猶予期間(モラトリアム)のない子どもたち(4)

 学力の指針としてよく挙げられるのが全国学力・学習状況調査(全国学力テスト)です。
 
 2007年に小学6年生と中学3年生を対象にはじまりました。「子どもたちの学力を把握する」というのが政府の言い分でしたが、それが目的ならば、ずっと行われてきた抽出調査で十分です。

「全員参加」になれば、我が子の成績や我が子の通う学校、地域の学力を気にする親心と、親心をくすぐる学習塾や利用しようとする政治家によって、その結果を公表せざるを得ない事態が起きることは火を見るよりも明らかでした。

全国学力テストが始まれば

勉強がわからない

 地域間や学校間、子ども同士の間でも序列や選別が起こり、子どもたちはもっとずっと早くから競争に勝つためのレールに乗せられ、子どもらしい時間を奪われることになると、さんざん言われていました。
 
 また、地域や学校、教育委員会は、どうにかして全国学力テストの順位(点数)を上げようと、場当たり的な対策が始まり、「学力向上」を錦の御旗に教員を意のままに操ろうとする輩が現れることも想像に難くありませんでした。

全国学力テストの結果で教員評価?

 前回の「相模原障害者施設殺傷事件から2年」というテーマのブログにも登場した吉村洋文大阪市長が、まさにそうです。

 大阪市がずっと「べった」(大阪弁でいう最下位)なのを「教員や校長がやる気になって指導すれば、必ず成績は上がる。

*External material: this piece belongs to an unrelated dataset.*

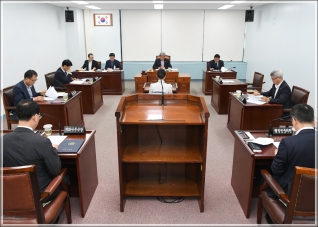 (2018.09.03.) 제269회 강릉시의회 정례회 제1차 의회운영위원회 대표이미지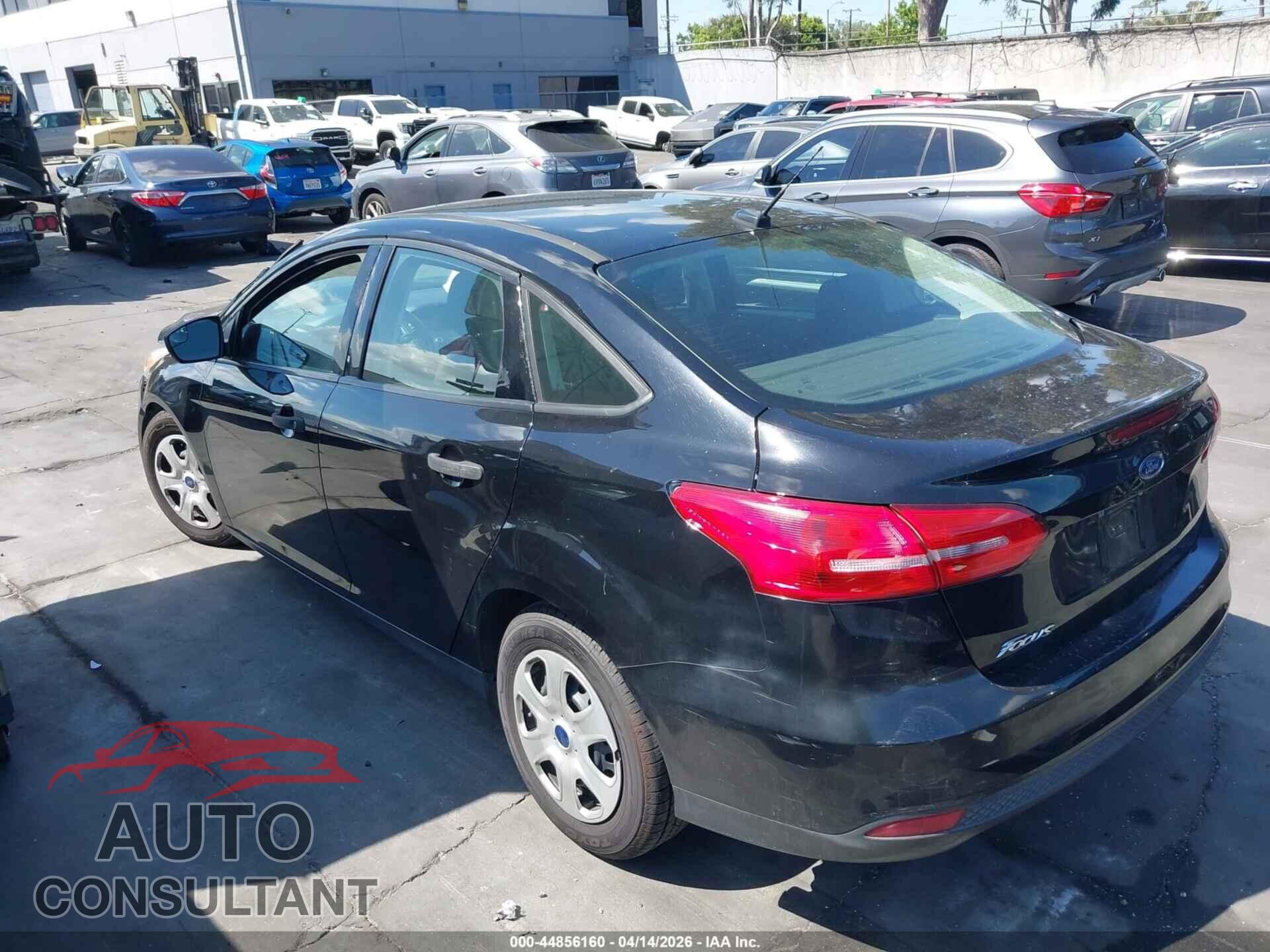 FORD FOCUS 2016 - 1FADP3E23GL310389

今はみんなが本気になって目標に向かっている状況じゃない」(『東京新聞』2018年9月5日)と、全国学力テストの結果を教員の人事評価や手当てに反映させることを提案しています。

全人的な発達が阻害される

 こんなことがまかり通るようになれば、今以上に教員は子どもに「テストの点数稼ぎ」の勉強を強いることになります。

 今でさえ皆無に近い、さまざまな意見を出し合って議論をしたり、疑問を見つけて自分で解決したり、友達と一緒に考えながら伸びて行こうとする機会はますます無くなり、子どもたちが好奇心を持って生きてこうとする力は根絶やしにされてしまいます。

 学校はますます、子どもの全人的な発達を支える学びの場から遠ざかり、テストで測ることができる“一部の学力”だけが、偏重されていくことになります。